Я больше склоняюсь к мысли, что горести не рисуют пробелы на прямой счастья, а пересекают ее самостоятельными отрезками. И задача человека – воспринимать их как такую же заслуживающую внимания часть Жизни, потому что на их фоне счастье чувствуется острее. Может быть, мы и понимаем, что это счастье, только когда испытали его антоним. Может быть, удельная ценность счастья повышается с каждым опытом горя.
Год назад у меня умер лучший друг. Эта горесть была такой же ожидаемой, сколько и неожиданной. Я любила его искренне и всей душой, насколько была способна любить другого человека. А когда его не стало, даже не смогла выплакать свою боль – все еще не поверила в то, что его нет. До сих пор не могу.
После многочисленных попыток поговорить с ним и в храме, или на кладбище, чувствовала, что это неспокойствие дергает и меня, и, вероятно, его тоже. Это было неправильно. Хотелось попрощаться с ним, отпустить его, дать ему свободу.
Когда мне тревожно, то я спасаюсь разговорами с проверенными людьми. И после одного такого монолога о друге мое доверенное лицо сказало: «Я понимаю твою боль. Это похоже на то, как часть твоего тела вырвали из тебя осколками. Но, может, это еще один повод сказать твоему другу спасибо и вспомнить то хорошее, чем было наполнено ваше совместное время».
Кажется, тогда я научилась с благодарностью относиться к минувшему, утраченному за то, какой след оно оставило в твоей душе.
Мой друг был потрясающим человеком, лучшим из тех, кого я знала за все годы своей жизни. Он делал мир лучше одним своим присутствием. Он знал, как заставить всех смеяться в самые темные времена. У него как будто был ключ к сердцу каждого, кого он знал. На него можно было положиться. И он не боялся признаваться в чувствах. Я любила его за то, что он был именно таким, потому что таких больше не будет.
И после того, как его жизнь оборвалась, моя продолжается. Поэтому, несмотря на боль, которая ни за десять, ни за сто лет его отсутствия не притупится, я буду счастлива за себя и за него, и успею сделать в этой жизни все счастливое, что он не успел. Я буду благодарить жизнь за то, что знала его, и рассказывать о нем там, где смогу.

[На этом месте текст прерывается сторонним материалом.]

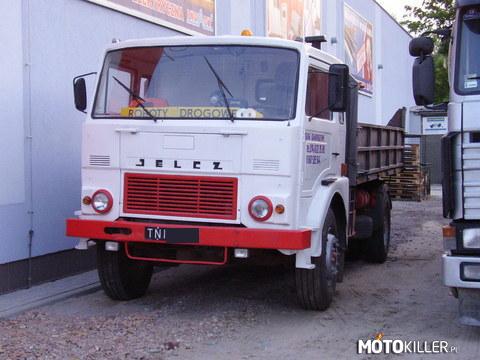 Jelcz 317 – Jedna z najbardziej rozpoznawalnych ciężarówek w Polsce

Страшно ли жить после такого? Несомненно. Значит ли это, что такое горе прервет любое счастье моей жизни? Нет. Значит ли, что теперь я лучше разбираюсь в том, что такое счастье? Похоже, что да.
К этому моменту я уже минут двадцать как шла по Большому проспекту. Не заметила хронометраж – когда поднялась с набережной, развернулась, покинула Ленэкспо, помахала спящему сторожу и двинулась дальше.

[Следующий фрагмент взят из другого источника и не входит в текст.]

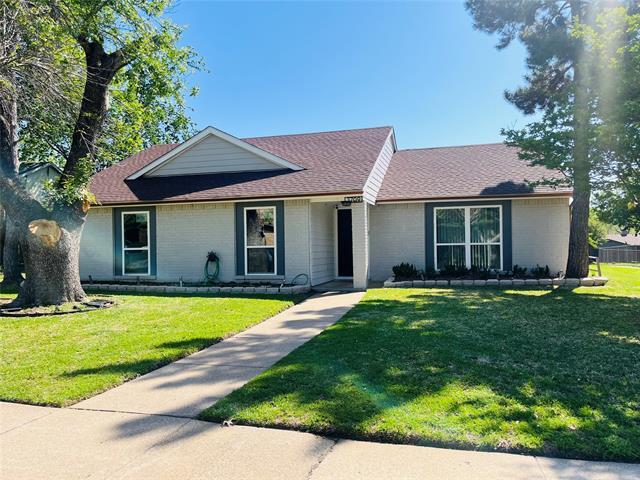 Primary Photo - 3709 Yaupon Dr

Сегодня счастье было со мной, как и каждый день. Ну не нужно его звать, гнаться за ним, когда знаешь, что единственное непреложное правило для встречи с ним – просто заметить его там, где оно всегда было, обратить свой внутренний взор на эту искорку доброго, нежного, настоящего и греть, разжигать. Счастье, как и любовь, не существует само по себе. Оно требует ежедневной работы, упорства, но более всего – бесстрашия созидать счастье из маленьких и больших счастий и горестей.

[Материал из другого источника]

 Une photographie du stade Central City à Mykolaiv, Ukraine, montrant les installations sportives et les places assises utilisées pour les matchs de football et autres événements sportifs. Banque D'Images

Так, пропуская через волосы потоки ветра, я добралась до набережной со Сфинксами. Ноги сами привели. Шаг мой ускорялся, как будто я обозначила на воображаемой карте конечную цель, как будто решила загадку, составленную для меня усилиями всего человечества.
Весь скованный духотой день, ночь и рассвет расцвели и переродились из неуклюжей гусеницы в тесном коконе в причудливую бабочку. И теперь, сидя со Сфинксами и улавливая ладонями слабые потоки прохлады от Невы, я знала: я была. Я все еще есть.